Magic Items. The properties and powers of magic items are suppressed in the sphere. For example, a +1 longsword in the sphere functions as a nonmagical longsword. A magic weapon's properties and powers are suppressed if it is used against a target in the sphere or wielded by an attacker in the sphere. If a magic weapon or a piece of magic ammunition fully leaves the sphere (for example, if you fire a magic arrow or throw a magic spear at a target outside the sphere), the magic of the item ceases to be suppressed as soon as it exits.
Magical Travel. Teleportation and planar travel fail to work in the sphere, whether the sphere is the destination or the departure point for such magical travel. A portal to another location, world, or plane of existence, as well as an opening to an extradimensional space such as that created by the rope trick spell, temporarily closes while in the sphere.
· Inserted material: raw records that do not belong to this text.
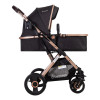 Coche Vox Gold, Ruedas Todo Terreno, Asiento 2 En 1 Color Negro Chasis Gold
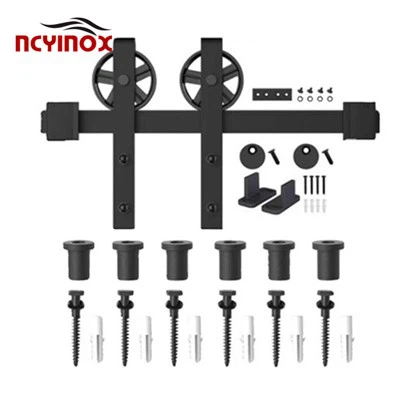 Hardware per porte scorrevoli sospese Kit di binari per porte in legno con sistema di accessori scorrevoli
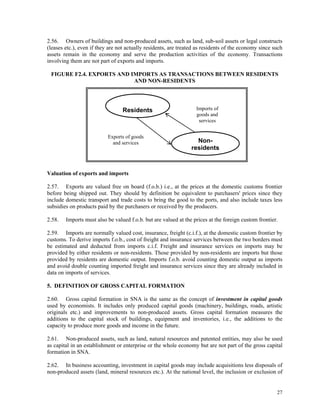 27
2.56. Owners of buildings and non-produced assets, such as land, sub-soil assets or legal constructs
(leases etc.), even if they are not actually residents, are treated as residents of the economy since such
assets remain in the economy and serve the production activities of the economy. Transactions
involving them are not part of exports and imports.
FIGURE F2.4. EXPORTS AND IMPORTS AS TRANSACTIONS BETWEEN RESIDENTS
AND NON-RESIDENTS
Valuation of exports and imports
2.57. Exports are valued free on board (f.o.b.) i.e., at the prices at the domestic customs frontier
before being shipped out. They should by definition be equivalent to purchasers' prices since they
include domestic transport and trade costs to bring the good to the ports, and also include taxes less
subsidies on products paid by the purchasers or received by the producers.
2.58. Imports must also be valued f.o.b. but are valued at the prices at the foreign custom frontier.
2.59. Imports are normally valued cost, insurance, freight (c.i.f.), at the domestic custom frontier by
customs. To derive imports f.o.b., cost of freight and insurance services between the two borders must
be estimated and deducted from imports c.i.f. Freight and insurance services on imports may be
provided by either residents or non-residents. Those provided by non-residents are imports but those
provided by residents are domestic output. Imports f.o.b. avoid counting domestic output as imports
and avoid double counting imported freight and insurance services since they are already included in
data on imports of services.
5. DEFINITION OF GROSS CAPITAL FORMATION
2.60. Gross capital formation in SNA is the same as the concept of investment in capital goods
used by economists. It includes only produced capital goods (machinery, buildings, roads, artistic
originals etc.) and improvements to non-produced assets. Gross capital formation measures the
additions to the capital stock of buildings, equipment and inventories, i.e., the additions to the
capacity to produce more goods and income in the future.
2.61. Non-produced assets, such as land, natural resources and patented entities, may also be used
as capital in an establishment or enterprise or the whole economy but are not part of the gross capital
formation in SNA.
2.62. In business accounting, investment in capital goods may include acquisitions less disposals of
non-produced assets (land, mineral resources etc.). At the national level, the inclusion or exclusion of
Residents
Non-
residents
Exports of goods
and services
Imports of
goods and
services
 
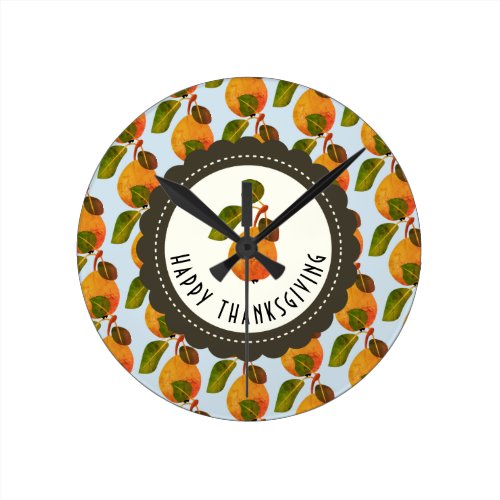 Fall Pears Fruit Thanksgiving Round Clock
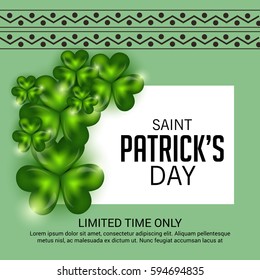 Vector illustration of a Banner for Happy Saint Patrick's Day.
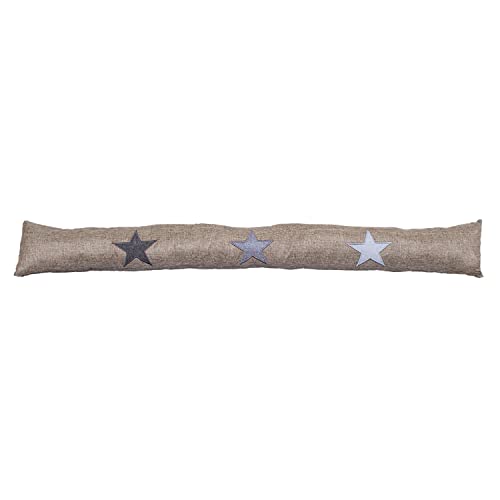 INDA-Exclusiv Zugluftstopper Windstopper Türvorleger Türdichtung mit Sternen braun 90x12cm von INDA-Exclusiv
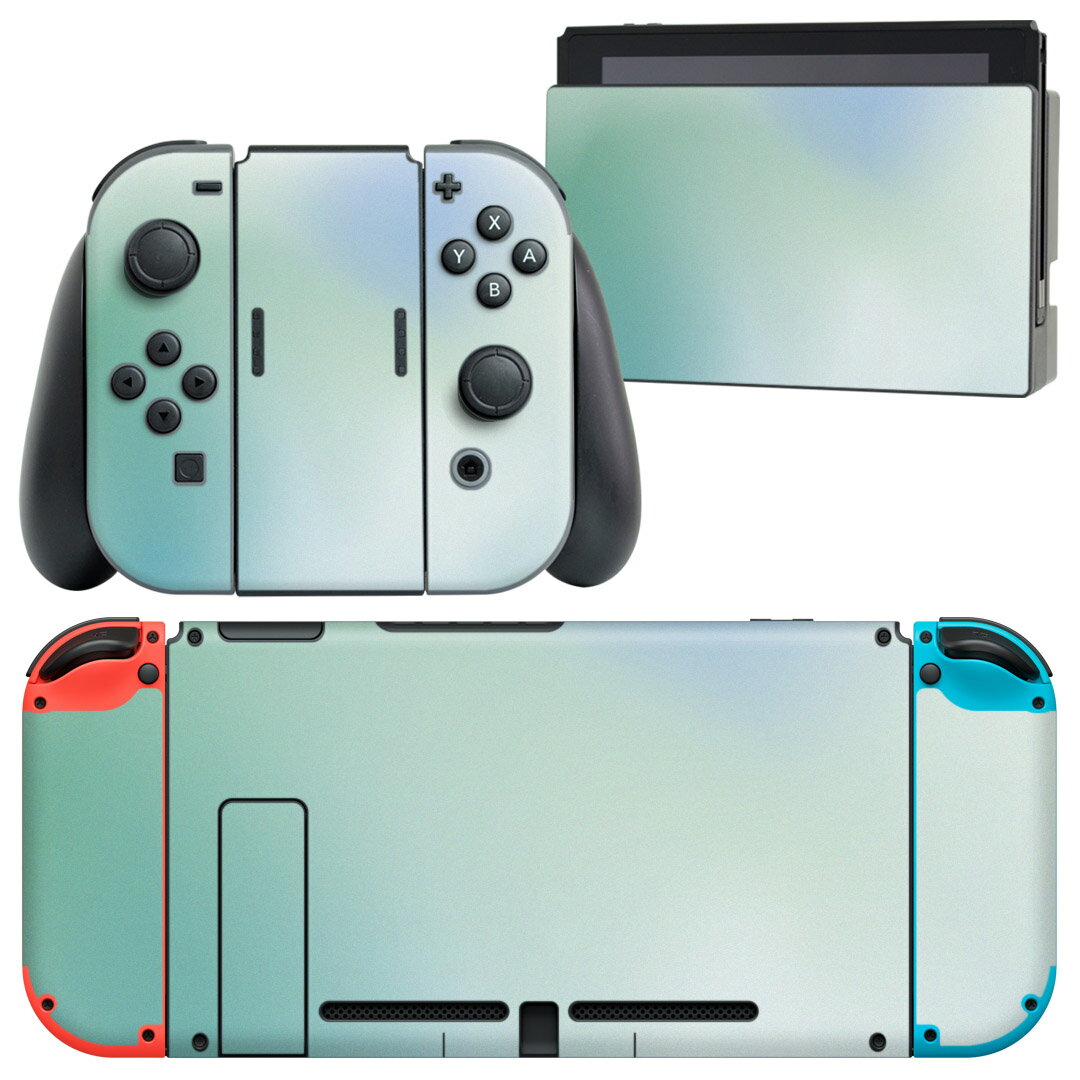 igsticker Nintendo Switch 用 デザインスキンシール 任天堂 ニンテンドー スイッチ 専用 本体ドック Joy-Con Joycon ジョイコン 専用 ゲーム機 カバー アクセサリー フィルム ステッカー 001730 ミスト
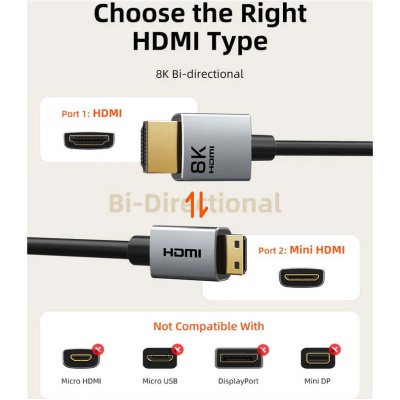 Кабель мультимедійний HDMI mini M to HDMI M 0.5m 8K60Hz Cabletime (CA915859)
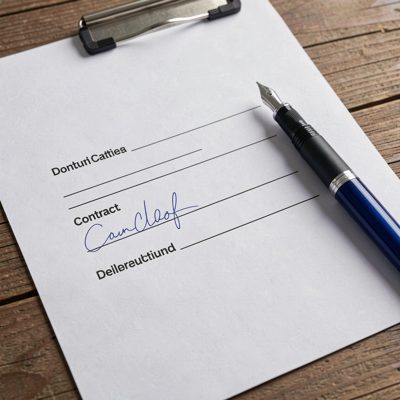 a contract with signature lines and a pen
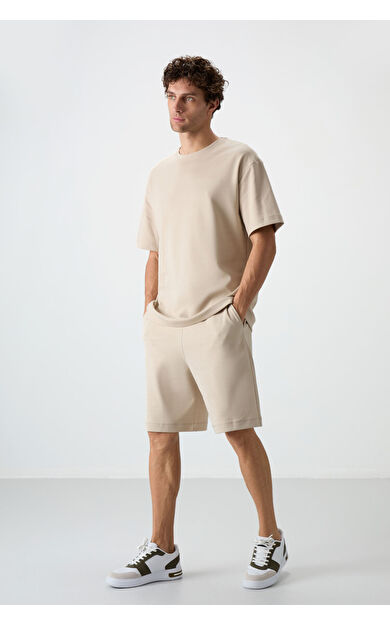 Bej Oversize Fit Basic Erkek Şort Takım - 85292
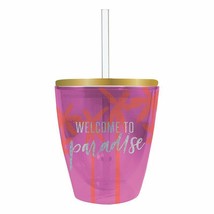 Welcome to Paradise Double Wall Lidded Tumbler w/ Straw 10 oz Purple Pink - £18.25 GBP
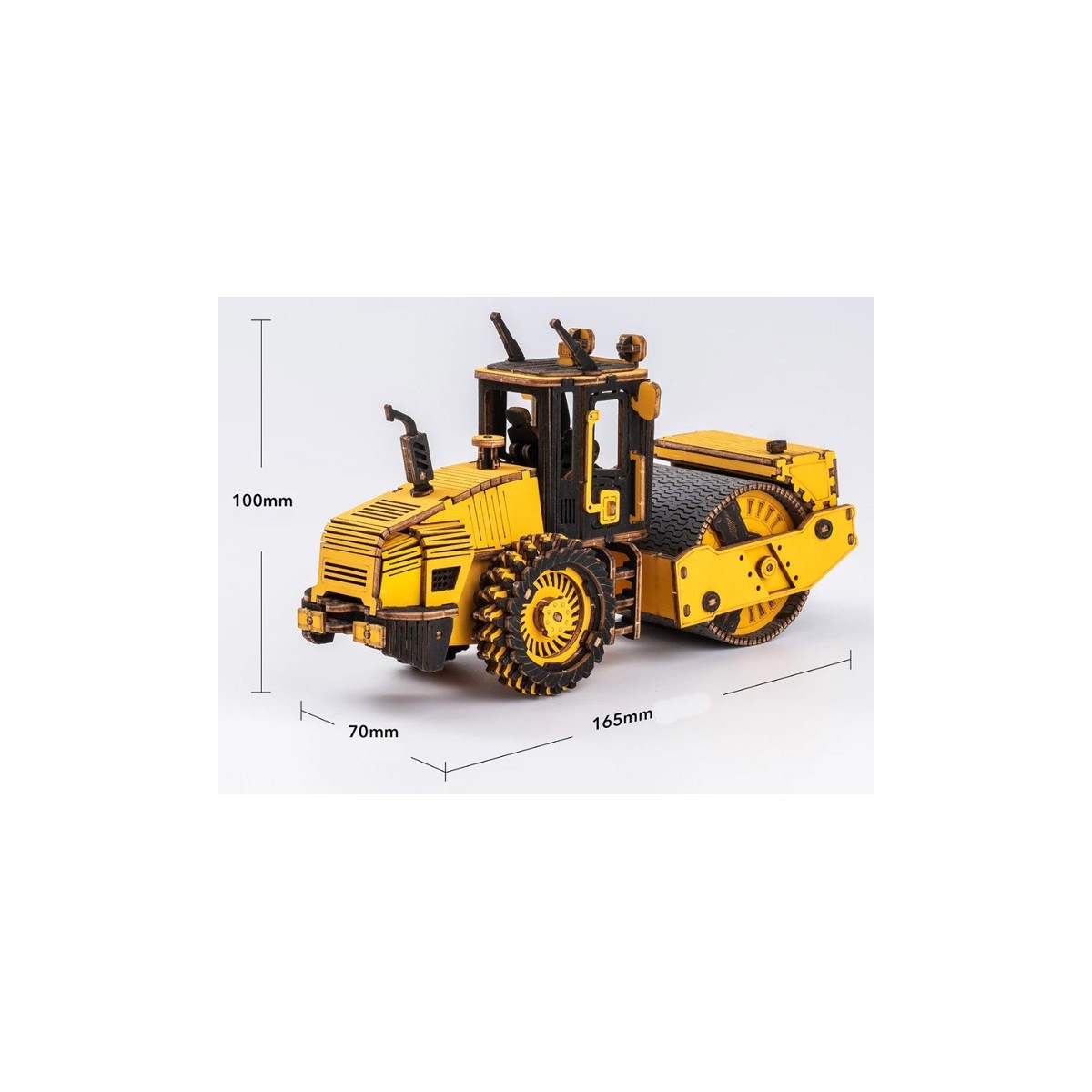 Maquette en bois Rouleau compresseur jaune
Creatures and Objects. A creature or object summoned or created by magic temporarily winks out of existence in the sphere. Such a creature instantly reappears once the space the creature occupied is no longer within the sphere.
Dispel Magic. Spells and magical effects such as dispel magic have no effect on the sphere. Likewise, the spheres created by different antimagic field spells don't nullify each other.
Spell Details
Player Guide
Position yourself strategically before casting, as the 10-foot radius moves with you—use it to separate enemy casters from melee allies or protect your backline from magical threats. Remember that summoned creatures vanish and magic items become inert within the sphere, making it devastating against heavily magical foes like liches, demons, or artificers. The spell's main weakness is that your own spellcasters cannot cast within it either, so coordinate with your party to position non-magical damage dealers to capitalize on the disabled magic. Use this as a last-resort shutdown against overwhelming magical opposition rather than a routine defensive measure.
Spell Combos
DM Tips
Clarify whether creatures already inside the field when it activates immediately disappear (they do) and whether concentrating on antimagic field prevents the caster from taking other actions (they can still move, attack, and take bonus actions). Be aware that antimagic field can trivialize encounters against magic-dependent enemies, so consider enemies with non-magical contingencies or those smart enough to avoid the sphere entirely.